Y desde el púlpito, algo comenzó a moverse.
Renata apuntó con la linterna.
Un hombre, o lo que quedaba de uno, emergía arrastrando los pies. Su sotana estaba raída, los ojos hundidos, las venas negras como raíces.
—¿Padre…? —preguntó, casi sin aliento.
El hombre sonrió, mostrando dientes ennegrecidos.
—No hay padre en esta casa. Solo hijos perdidos.
El sacerdote caído avanzó hacia ella, cojeando. En sus manos llevaba una cuerda empapada en sangre seca.
Renata retrocedió, tropezó con un banco.
—Vine a investigar las desapariciones —dijo con voz firme, aunque el terror le crispaba los músculos—. Necesito saber qué ocurrió aquí.
El hombre se detuvo. Su cabeza se ladeó con un crujido.
—La danza purifica… La sangre alimenta… La tierra respira… —murmuró en un tono hipnótico.
Luego alzó una mano temblorosa y señaló hacia una trampilla al pie del altar.
Renata miró la puerta de madera. Estaba cubierta de símbolos tallados, los mismos que había visto en su cuello. Algo dentro parecía latir, como si el suelo respirara.
—Ahí comenzó todo —dijo el sacerdote—. Y ahí volverá a abrirse.
De pronto, el sonido de las campanas sin cuerda retumbó desde el exterior.
Renata corrió hacia la salida, pero antes de abrir la puerta, el sacerdote gritó:
—¡Él ya te conoce, R’Nath! ¡Él ya te olió en el aire!
La periodista salió a la calle y el grito del hombre se perdió en el eco del viento.
El pueblo estaba vacío. Las campanas seguían repicando, aunque el campanario de la iglesia no tenía campanas.
El sonido provenía del bosque.
Renata corrió hasta su auto. El motor no arrancó. Las luces parpadearon y se apagaron.
Al mirar por el retrovisor, vio el reflejo de alguien sentado en el asiento trasero.
Giró de golpe.
Nada.
Solo el aire… denso, caliente, con olor a azufre.
La noche cayó sin aviso.
Desde el bosque, una melodía comenzó a sonar: lenta, antigua, como un canto fúnebre acompañado por tambores.
Las figuras de ramas que colgaban frente a la posada comenzaron a balancearse.
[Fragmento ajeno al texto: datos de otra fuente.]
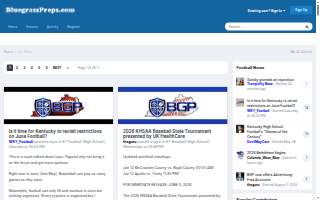 Bluegrass Meats and Catering website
Una por una, se prendieron fuego, ardiendo con una llama negra.
Renata retrocedió, temblando.
El suelo bajo sus pies vibró.
Y desde la colina detrás de la iglesia, un coro de voces susurró su nombre… no el que usaba en la Tierra, sino el que llevaba siglos dormido en el lenguaje de los Duidras.
R’Nath.
El viento se volvió rojo.
El bosque suspiró.
Y en el horizonte, una figura alta, con cuernos, abrió lentamente los brazos, como si la esperara desde el principio de los tiempos.